Saturday, November 27, 2010

Kuala Lumpur

WOW!! What a pleasant surprise we got yesterday. The last time I was in KL was 37 years ago with the Australian Navy - I vaguely remembered some significant things like the huge National Mosque, but my overall memory was of a "typical" Asian city. So much so that I was a little disappointed then when we subsequently visited Singapore (which was modern and, to me at that time, boring). But KL has definitely changed and is a very attractive Asian destination. It reminds me of Singapore in it's modernity - but is very green and much less chaotic than other Asian cities that we have visited.
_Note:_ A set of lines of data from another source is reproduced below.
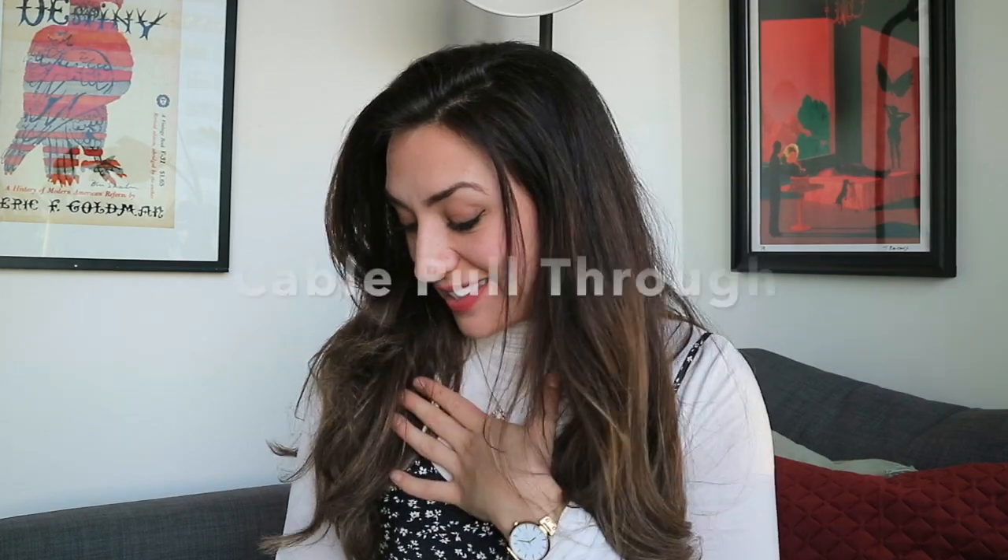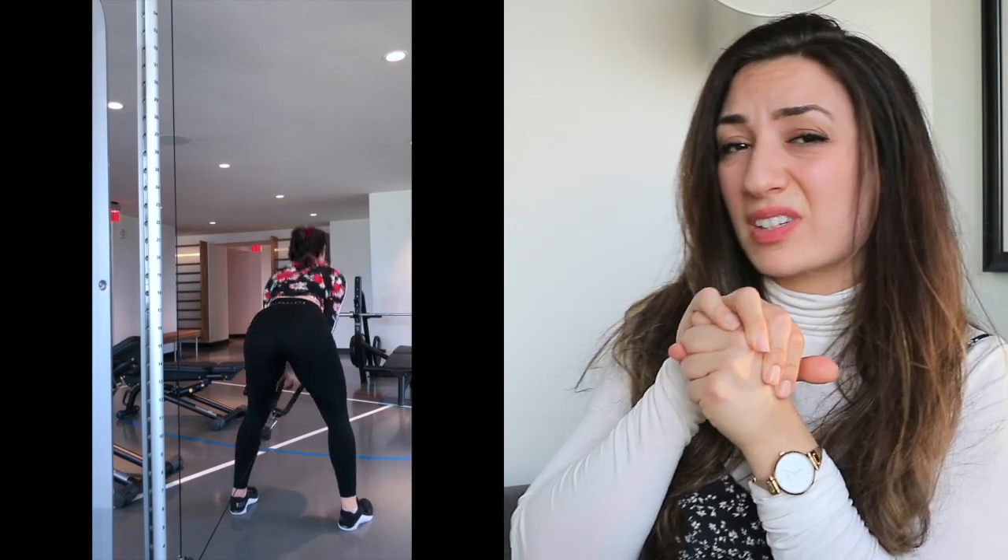If it gets too heavy, just drop your weights and make sure you have good posture, because you are working your back in this exercise as well. The next exercise is the cable pull through, which is also very good for your glutes. You hinge from your hips, keep your back super straight, thrust with power, and squeeze your glutes at the top. I could probably do heavier weights but the rope handle gets really hard on your hands. It's a very effective glute exercise — highly recommend it if you do it correctly.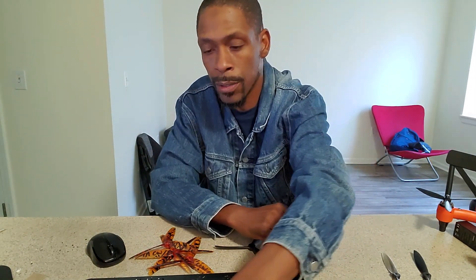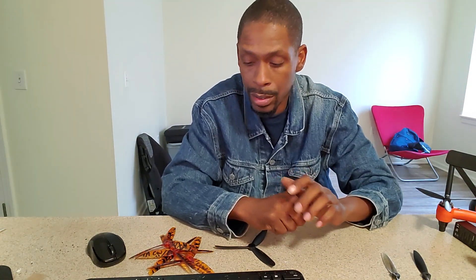Hello, this is Mr. Bojack, and this is For the Love of the Drone. Today we're going to talk about Spry Plus propellers and how to install them, and which types of propellers can be used with them.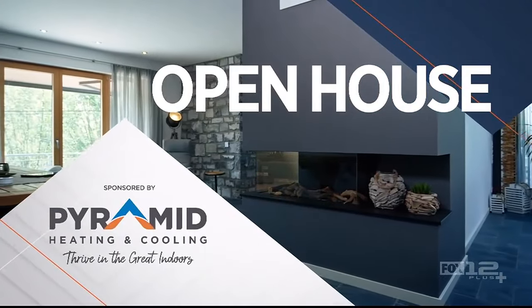Now it's time for Open House, sponsored by Pyramid Heating and Cooling. I get so excited when new products come out on the marketplace that either make things easier or safer, and this one does both. I'm happy to have Ashley here from SkyX Platforms and the Sky Plug. Welcome to Around the House Northwest.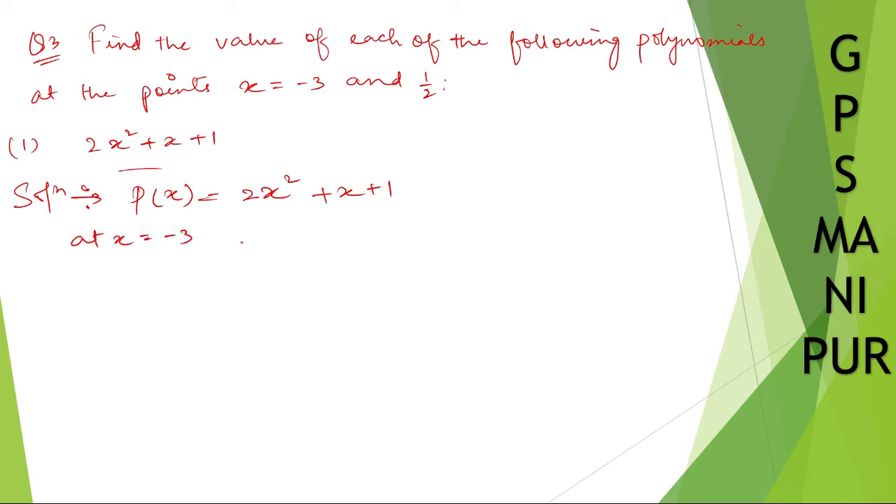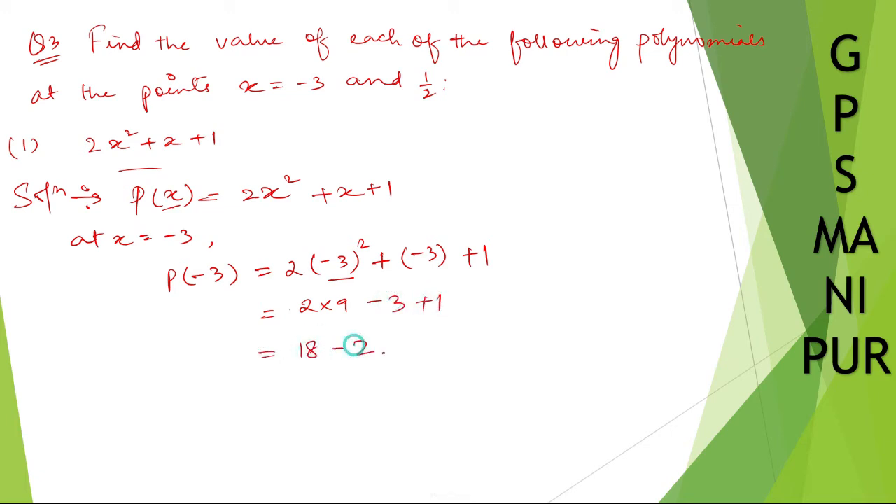At x equal to minus 3, it will be p of minus 3, which will be equal to 2 times minus 3 squared plus minus 3 plus 1. Instead of x you are putting minus 3. So 2 into minus 3 squared is 9, so 2 into 9 is 18, plus minus 3 plus 1 gives 18 minus 2, which is 16.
There is much to see and do here and combined with visits to other parts of the country (such as the Heritage listed towns of Penang and Malacca and the Genting Highlands) makes me think that we could definitely come back to Malaysia sometime. We saw the big train station in KL - and I think that I can recall reading something somewhere about train based holidays in Malaysia - must research it when we get back home.

As I said, the city is very green with many gardens and natural greenery along the highways (bananas grow like weeds here). The city has a British Colonial heritage and, despite the nation's independence, seems
to take great pride in this heritage and are positively preserving it. Our shore tour here was very good - had the usual 5 Star hotel lunch in the city's oldest hotel, but this time we had some traditional Malaysian food. Amongst other things, I had some very nice Mutton Curry, Fish Curry, Beef in Pepper sauce and an  bsolutely delicious (and HOT) Laksa.

It is surprising just how tiring these shore visits can be - and now after now visiting 7 Asian cities in 11 days, I think that many onboard (including us) are looking forward to some quiet sea time. We now have 4 days to get to Mumbai and then 5 more to get to Sharm El-Sheikh in the Sinai.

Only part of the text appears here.